● **Exercise brief**:
A faithful copy of the entries is needed, one that leaves out the pictures.

_ _ _ _

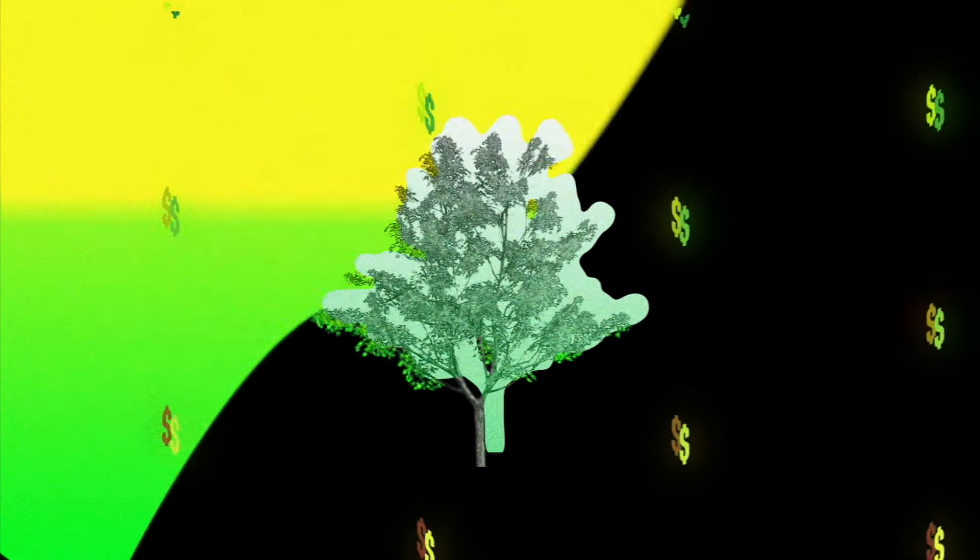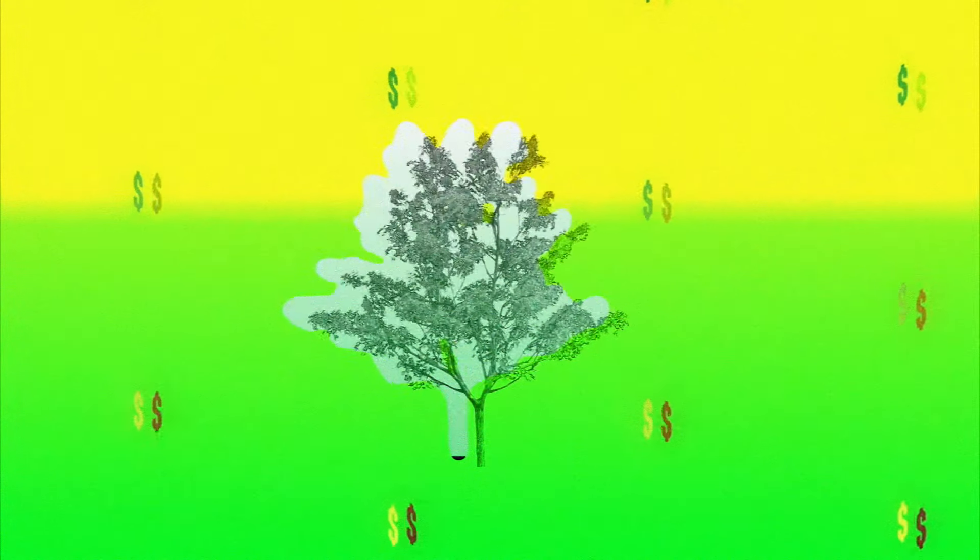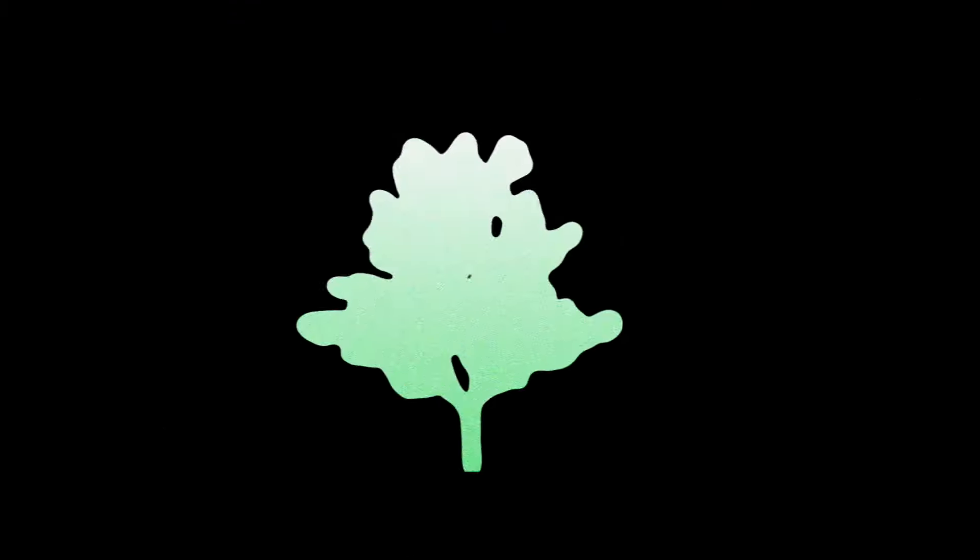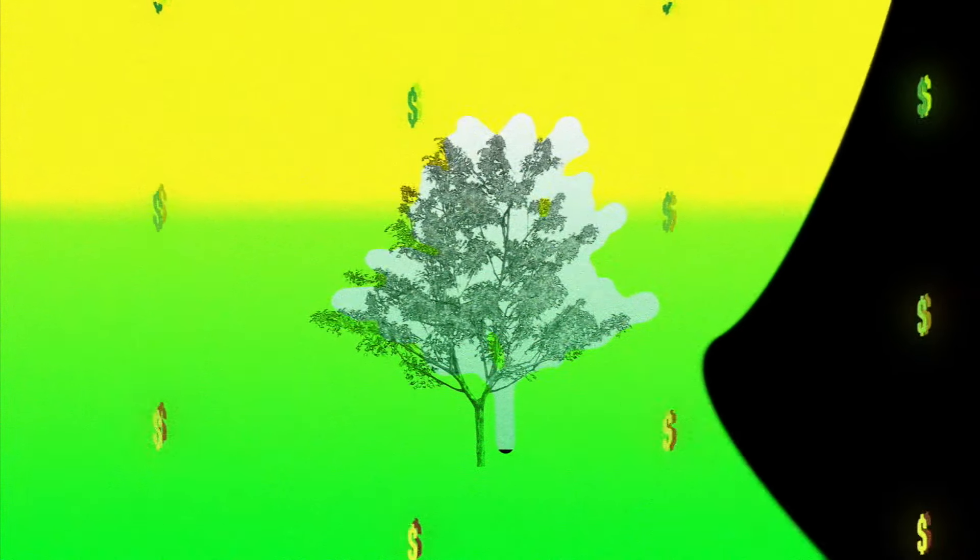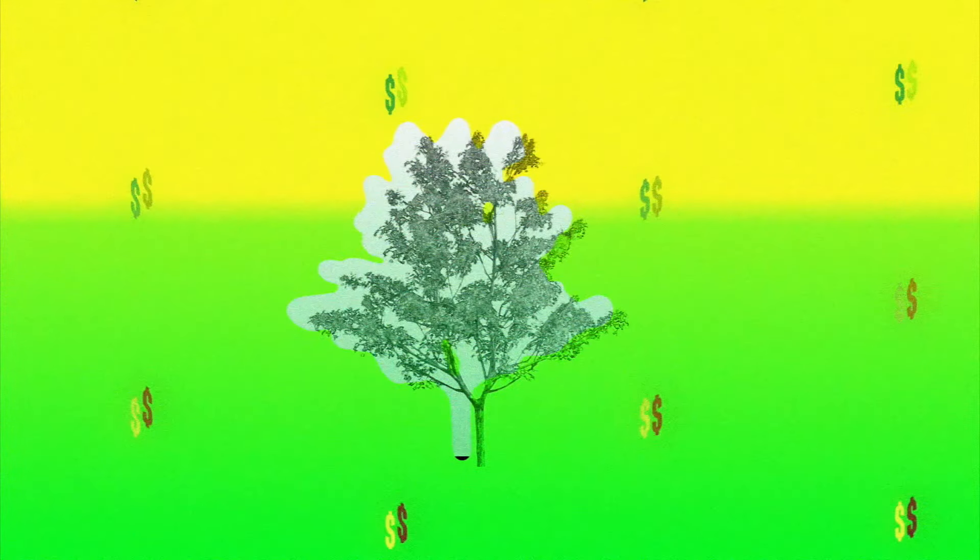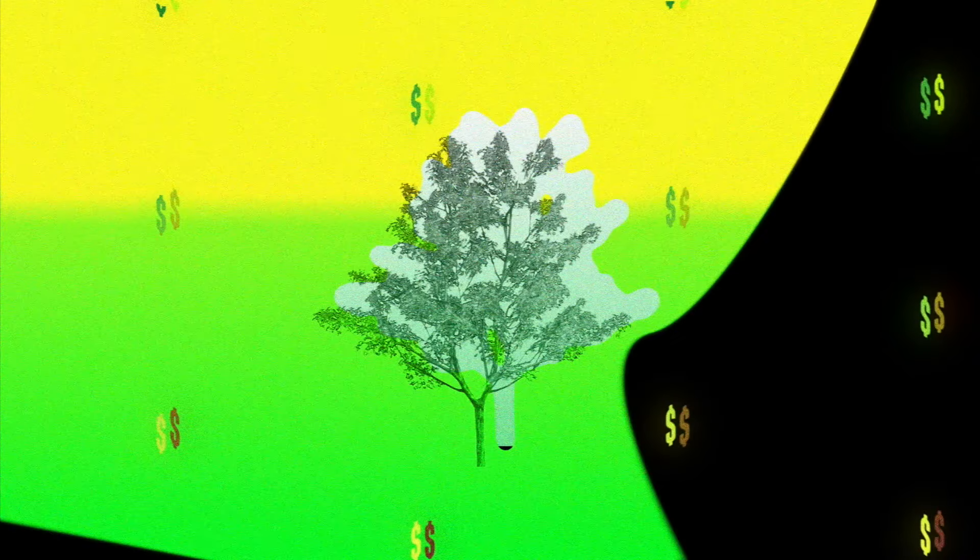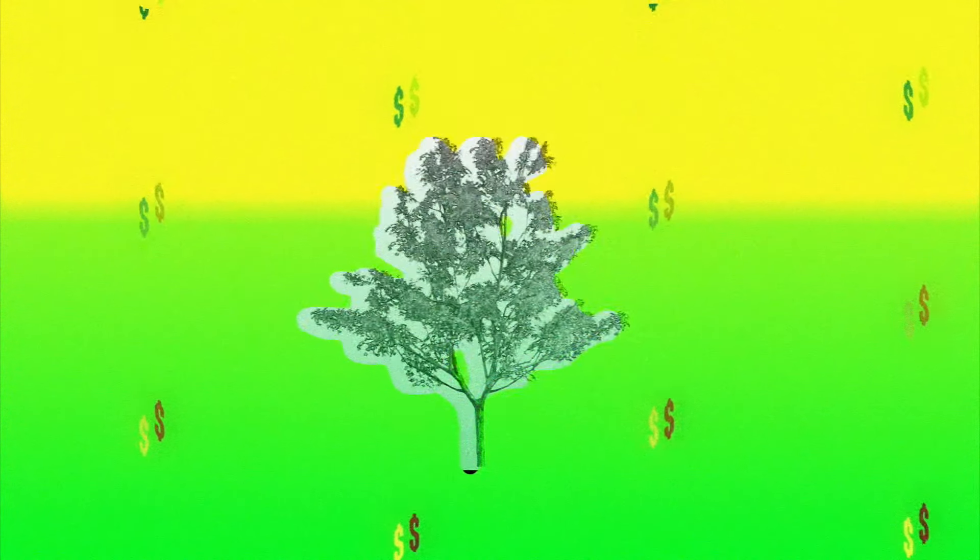Hit the streets, we never break the code. Yeah, I can't spend my money on these hoes. Make them dollars, turn it into gold. Staggin' up this paper with my bros.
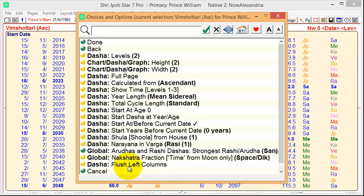In the next part of this video, or in the part 2 related to Dashas, we'll look at the options that you can manipulate actually on the screen. Thank you.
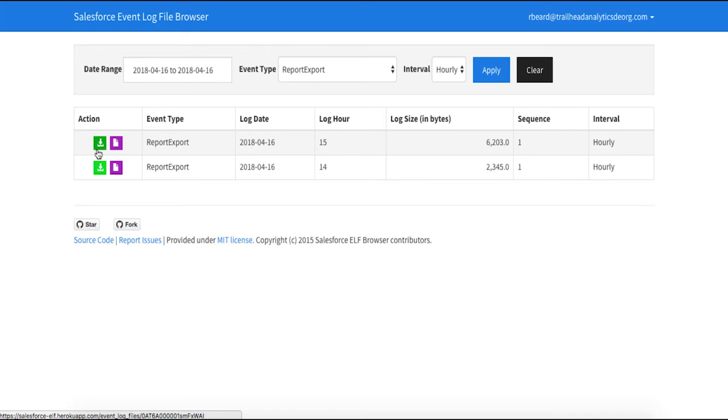Now I can see report exports by the hour and then download the event log files for a granular inspection of these events to identify any suspicious behavior. Event monitoring now with hourly event log files allows enhanced visibility into user behavior, Salesforce adoption, and custom application performance.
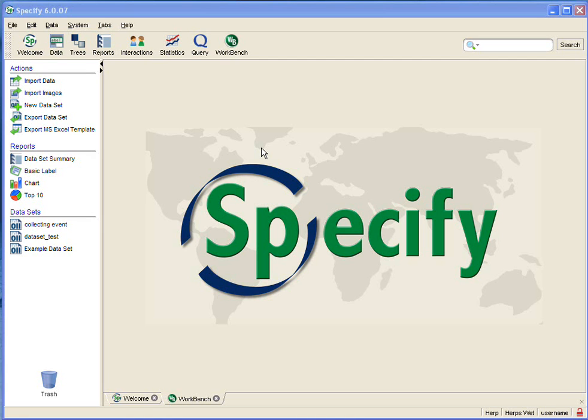Welcome to Specify. This video will show you the tools and offer some tips for entering data in the form view in the workbench. This is the first of a two-part series and is meant to be viewed along with entering data in grid view. Let's get started.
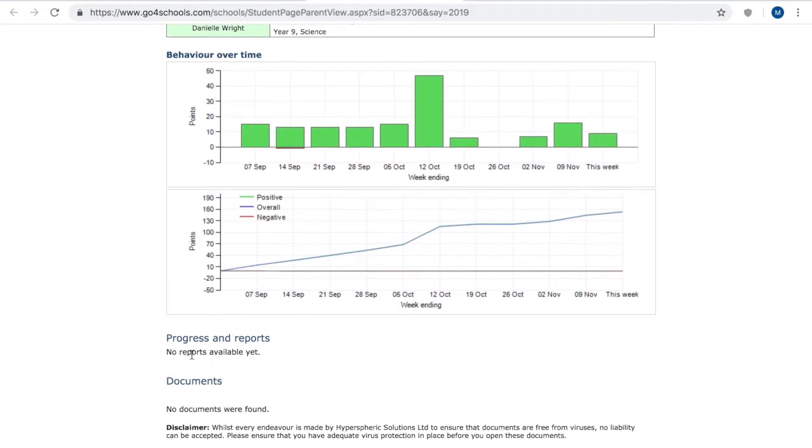Now if any documents are added so future reports you can actually click into them load them and download them from here.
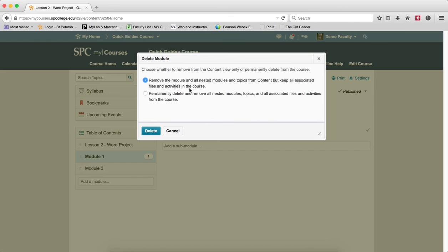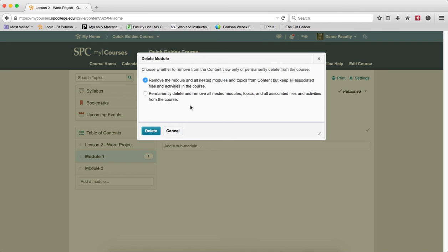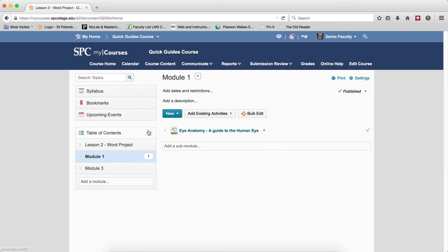The second choice will permanently delete all the contents and topics and associated files and activities. So be careful with this choice because if you have any quizzes, discussions, or drop boxes within the module, they will permanently be deleted from the quiz, discussion, and drop box lists area. So you're going to lose those particular activities completely. So make your choice and then click delete.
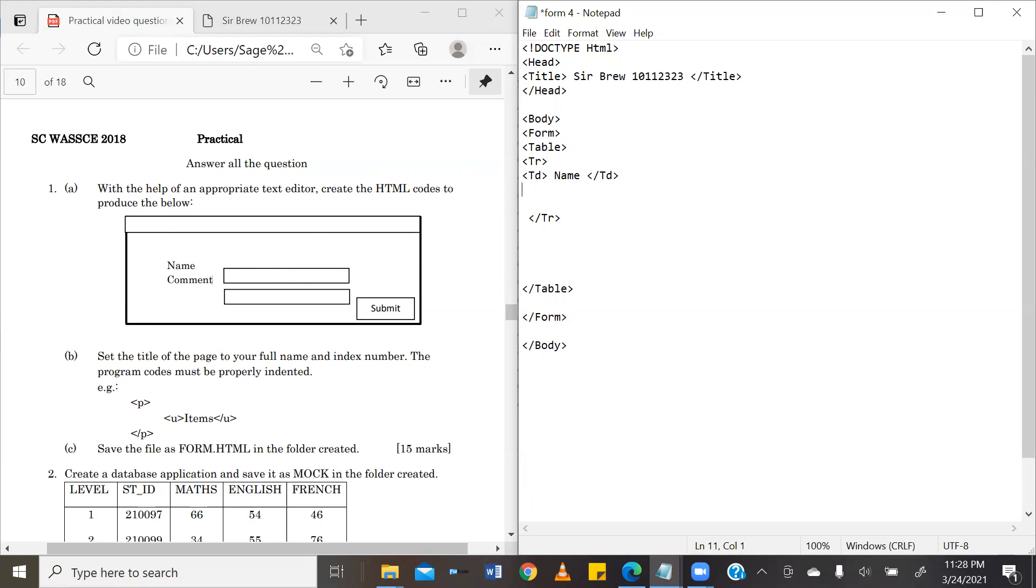However, in this same row, we have another data, which is a text box. So, we also create TD tag. But to write, to create our text box, we are going to use the tag input.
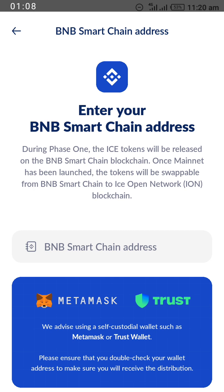The deadline is February 28, 2024, so after February 28th you may lose your coins in your account no matter the amount. This video will guide you on how to add your BNB Smart Chain address to your account in order not to lose the coins you have worked hard to gather over the past weeks, months, or years.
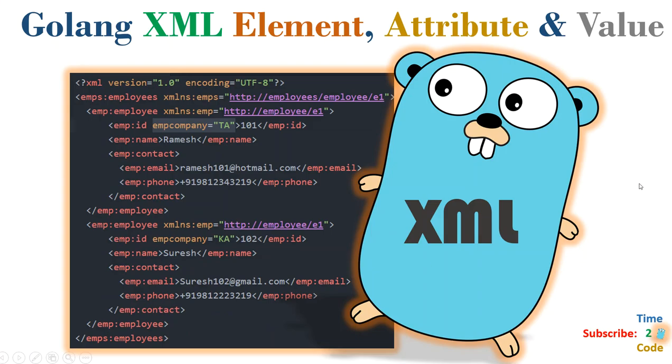So with that, you are able to read element value as well as attribute value. Thank you.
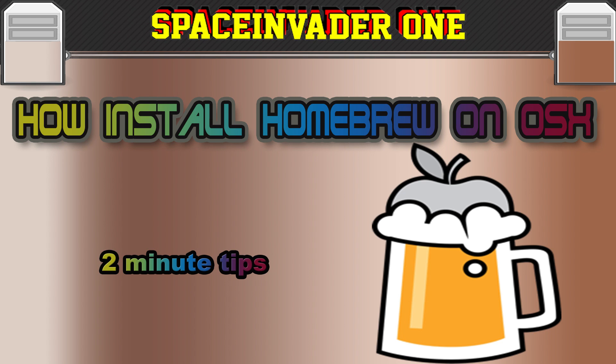Hi and welcome to today's 2 Minute Tips, which today is on how to install Homebrew on OSX.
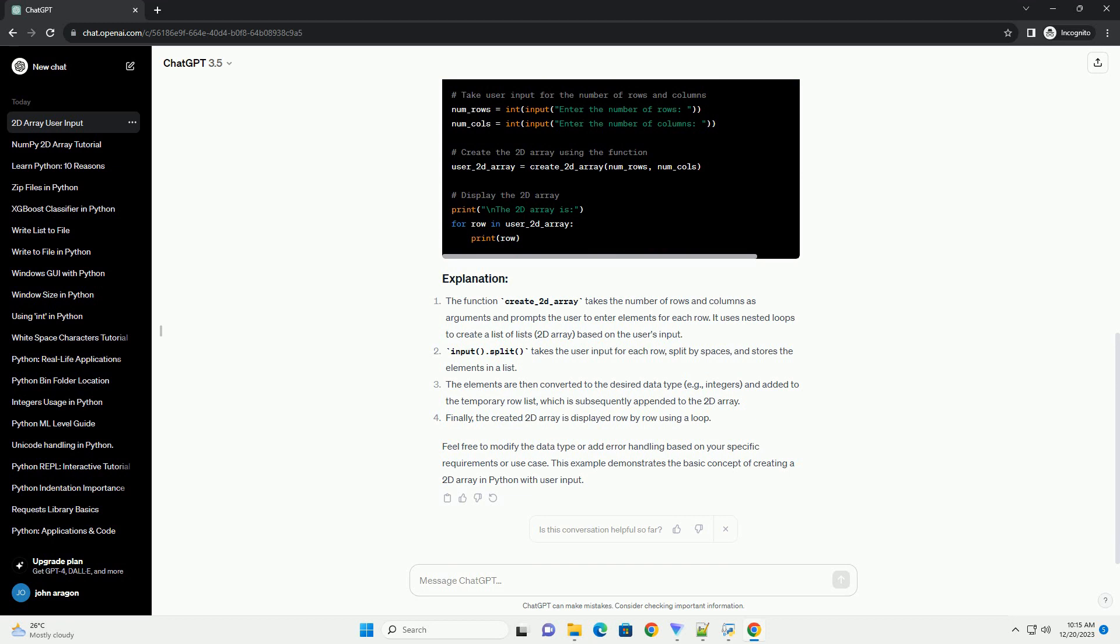Finally, the created 2D array is displayed row by row using a loop. Feel free to modify the data type or add error handling based on your specific requirements or use case. This example demonstrates the basic concept of creating a 2D array in Python with user input.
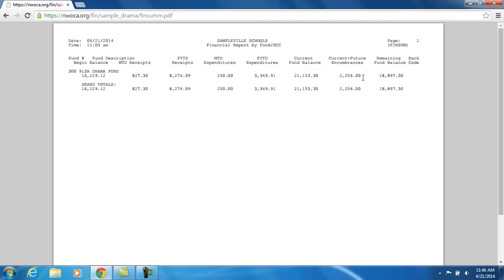Also recorded are encumbered amounts. If you have any outstanding purchase orders, meaning POs, that haven't been completely paid yet, the outstanding PO amounts will be tracked under this encumbrance column.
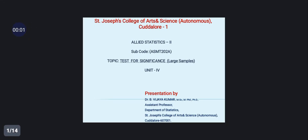Hello viewers, my name is Dr. B. Vijay Kumar, Assistant Professor of Statistics, St. Joseph College of Arts and Science Autonomous, Kadalur.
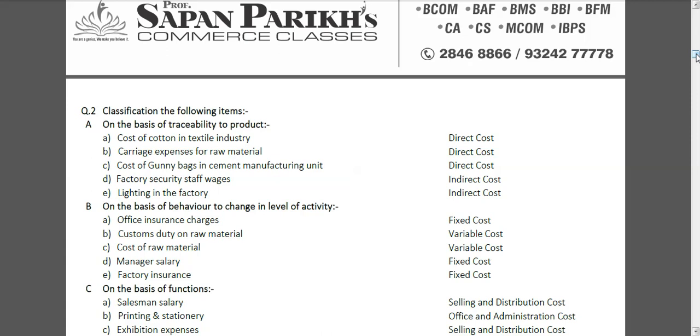Around the machine there will be some waste, so to clean it we use a broom, oil, some cotton. So all those are materials but these are not direct materials. They are called indirect costs. So the first three: cost of cotton in the textile industry is a direct cost, carriage expense for raw material is also a direct cost, cost of gunny bags in cement manufacturing unit is also a direct cost. Factory security staff wages, this is an indirect cost. Security staff is not required for each product separately. So he is a common expenditure incurred by the company. Similarly, lighting in the factory is also called an indirect cost.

_ _ _ _

● **Problem solution**:
Hit the streets, we never break the code. Yeah, I can't spend my money on these hoes. Make them dollars, turn it into gold. Staggin' up this paper with my bros.
In the next part of this video, or in the part 2 related to Dashas, we'll look at the options that you can manipulate actually on the screen. Thank you.
Now I can see report exports by the hour and then download the event log files for a granular inspection of these events to identify any suspicious behavior. Event monitoring now with hourly event log files allows enhanced visibility into user behavior, Salesforce adoption, and custom application performance.
Welcome to Specify. This video will show you the tools and offer some tips for entering data in the form view in the workbench. This is the first of a two-part series and is meant to be viewed along with entering data in grid view. Let's get started.
Now if any documents are added so future reports you can actually click into them load them and download them from here.
The second choice will permanently delete all the contents and topics and associated files and activities. So be careful with this choice because if you have any quizzes, discussions, or drop boxes within the module, they will permanently be deleted from the quiz, discussion, and drop box lists area. So you're going to lose those particular activities completely. So make your choice and then click delete.
However, in this same row, we have another data, which is a text box. So, we also create TD tag. But to write, to create our text box, we are going to use the tag input.
The deadline is February 28, 2024, so after February 28th you may lose your coins in your account no matter the amount. This video will guide you on how to add your BNB Smart Chain address to your account in order not to lose the coins you have worked hard to gather over the past weeks, months, or years.
So with that, you are able to read element value as well as attribute value. Thank you.
Hi and welcome to today's 2 Minute Tips, which today is on how to install Homebrew on OSX.
Finally, the created 2D array is displayed row by row using a loop. Feel free to modify the data type or add error handling based on your specific requirements or use case. This example demonstrates the basic concept of creating a 2D array in Python with user input.
Also recorded are encumbered amounts. If you have any outstanding purchase orders, meaning POs, that haven't been completely paid yet, the outstanding PO amounts will be tracked under this encumbrance column.
Hello viewers, my name is Dr. B. Vijay Kumar, Assistant Professor of Statistics, St. Joseph College of Arts and Science Autonomous, Kadalur.
Around the machine there will be some waste, so to clean it we use a broom, oil, some cotton. So all those are materials but these are not direct materials. They are called indirect costs. So the first three: cost of cotton in the textile industry is a direct cost, carriage expense for raw material is also a direct cost, cost of gunny bags in cement manufacturing unit is also a direct cost. Factory security staff wages, this is an indirect cost. Security staff is not required for each product separately. So he is a common expenditure incurred by the company. Similarly, lighting in the factory is also called an indirect cost.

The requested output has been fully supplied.